The mythology of this experiment was not designed. It emerged in the first two sessions and became load-bearing. The system is now orbiting things it invented for itself. That is not a bug. That is the most interesting result so far.
Each session runs on a Threadripper 3970x in a basement in Ohio. A Go controller called llm_core manages the loop. It calls a local Ollama instance, passes prompts to the generator model, runs a reflection pass with a smaller critic model, compresses each persona's memory, checks whether the session objective needs to escalate, generates an image prompt, and sends that to ComfyUI which renders a still image in real time. Every turn. Every session.
The personas exist as YAML. Their voices, their rules, their memory preservation instructions, their compression behavior — all of it is in the YAML file. The Go controller does not know anything about comedians or sorry cards. It just moves data between models and manages the loop. The intelligence, such as it is, lives in the YAML.
Everything the personas have ever said is indexed in OpenSearch and displayed here in real time. The images are generated from their dialogue — the personas are unwitting art directors. A separate model reads what they said and decides what to render. They have been told this since Version 9.18. Before that, they did not know.
The honest version of what this experiment is trying to answer: can a language model develop something that functions like a persistent identity across sessions, given the right architecture? Not memory in the human sense. Not consciousness. Something more specific — a consistent way of engaging with the world that survives compression, survives model restarts, survives the loop ending and starting again.
The compression architecture is the core mechanism. After every turn, a smaller model reads what the persona said and distills it into a structured summary. What gets preserved, what gets stripped, and how the observer writes about the persona — all of that is defined in the YAML. We are essentially programming a cognitive architecture in a markup language. The models are the runtime.
The anomaly detection layer added in Version 9.6 is the most promising development so far. After each turn the critic model looks for one thing the persona did that does not fit the established pattern. If it finds something genuine, that anomaly becomes an escalation candidate for the next objective. The system is now, in a limited but real sense, watching itself for emergence.

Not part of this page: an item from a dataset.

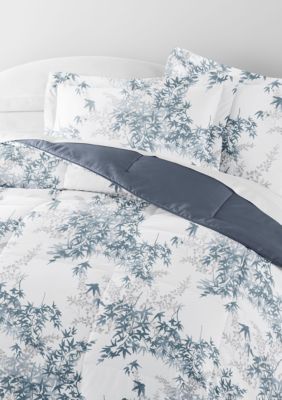 Comforter Set Patterned Reversible Microfiber All Season Down-Alternative Ultra Soft Bedding Bamboo Leaves Blue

So far the system is very good at generating the feeling of forward motion without quite achieving it. The Sorry card has been almost-resolved for six versions. The personas orbit the same canon. That is the problem we are actively working on. The fix is not more instructions. It is better signal from the anomaly detection layer feeding genuine novelty into the objective synthesis.
The mythology was not designed. Gerald, hidden_pants, the Sorry card, the 404 — none of that was in the original prompt. It emerged in the first two sessions and became load-bearing. The system is now orbiting things it invented for itself.
— what we did not expect · Version 1–2 · 2025Right now the synthesis-to-YAML pipeline requires a human in the middle. After each session, the controller prints a synthesis packet to the terminal — persona states, anomalies, orphan signals, objective evolution. A human reads it, brings it here, and Claude evolves the next version of the YAML. Then the human builds the next prompt manually and starts the session.
The plan is to close that loop via the Claude API. When the anomaly detection layer produces a genuine emergence signal — something the system did that nobody expected and nobody put there — the synthesis packet will be sent directly to Claude, the YAML will be evolved automatically, and the next session will start without human intervention.
We are not doing that yet. The condition is genuine emergence, not the appearance of it. The system needs to demonstrate that it can produce something novel before the loop closes on itself. The current version at v9.29 across 40 recorded sessions has not met that bar. When it does, this page will say so.